Posted on : 2018-01-10 16:46 KST Modified on : 2019-10-19 20:29 KST
The Abe administration termed the decision not to implement the deal as “utterly unacceptable”
Japanese Foreign Minister Taro Kono
Japanese Foreign Minister Taro Kono

The Japanese government blasted as “utterly unacceptable” South Korea’s announcement that a 2015 intergovernmental agreement on the comfort women issue was not a true resolution to the matter.

“The agreement between Japan and South Korea is a pledge between countries, and it is unacceptable [for South Korea] not to implement it simply because its government has changed,” Foreign Minister Taro Kono said on Jan. 9.

Kono also said it was “utterly unacceptable for the South Korean side to demand additional measures from Japan when the comfort women issue was confirmed to have been finally and irreversibly resolved [with the 2015 agreement].”

He further said the agreement was “unquestionably a crucial foundation [for bilateral relations] in Japan and South Korea’s cooperation in several areas, including responding to the North Korean threat.”

When asked by reporters about Tokyo’s response to South Korea’s plans to use government money to offset its contribution of one billion yen (US$8.9 million), Kono replied, “I don’t really know any more than what the South Korean government announced.”

“First of all, I would like to hear a clear explanation [from South Korea] on their true intentions,” he added.

Kono said he planned to “protest” the matter with Seoul.

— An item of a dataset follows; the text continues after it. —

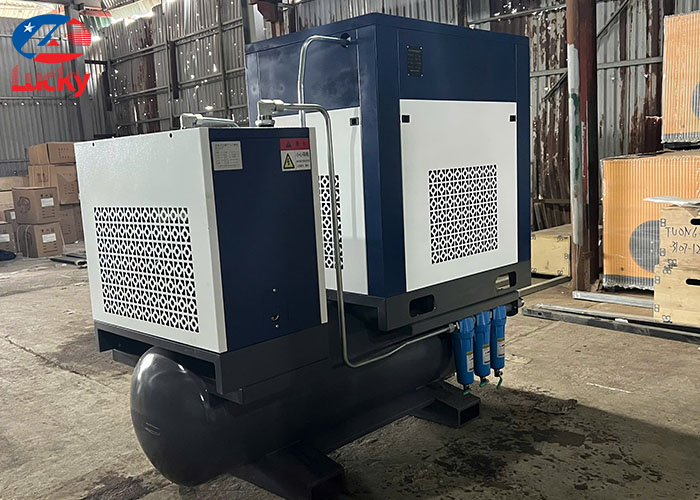 may-nen-khi-truc-vit-tich-hop-30hp-10bar-lk-cp30a-10bar-2 may-nen-khi-truc-vit-tich-hop-30hp-10bar-lk-cp30a-10bar-2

But when asked if the Japanese ambassador to South Korea would be temporarily called home, he replied on that he “would like to see appropriate actions for now from Tokyo and Seoul.”

Kenji Kanasugi, Director-General of the Japanese Foreign Ministry's Asian and Oceanian Affairs Bureau, summoned Lee Hee-seop, a state affairs minister at the South Korean Embassy in Japan, to the ministry the same day to announce that Tokyo “cannot accept South Korea demanding any further measures from Japan.”

In remarks that day, South Korean Minister of Foreign Affairs Kang Kyung-wha said she “hope[d] to see Japan acknowledging the whole truth according to universal international standards and continuing to work to restore the victims’ reputations and dignity and heal their emotional wounds.” But the likelihood of Japan taking any further action is seen as realistically very slim.

When asked by the Diet in Oct. 2016 whether he planned any “additional emotional measures” such as a letter of apology to comfort women survivors, Prime Minister Shinzo Abe replied that he did not “have the slightest intention” to do so. In a briefing on the morning of Jan. 9, Chief Cabinet Secretary Yoshihide Suga said the agreement had “not budged a millimeter.”

Observers in Japan concluded that while the two sides will try to avoid any dramatic confrontations due to the need for a joint response on the North Korea issue, a chill in the two sides’ relations appears unavoidable for the time being.

The NHK network interpreted Seoul’s decision not to demand renegotiation as “an attempt to strike a balance between domestic opinion opposing the comfort women agreement and diplomatic ties with Japan.” It went on to say that South Korea’s “refusal to bend in its position that the problem is not resolved is expected to have some impact on the future of Japan-South Korea relations.”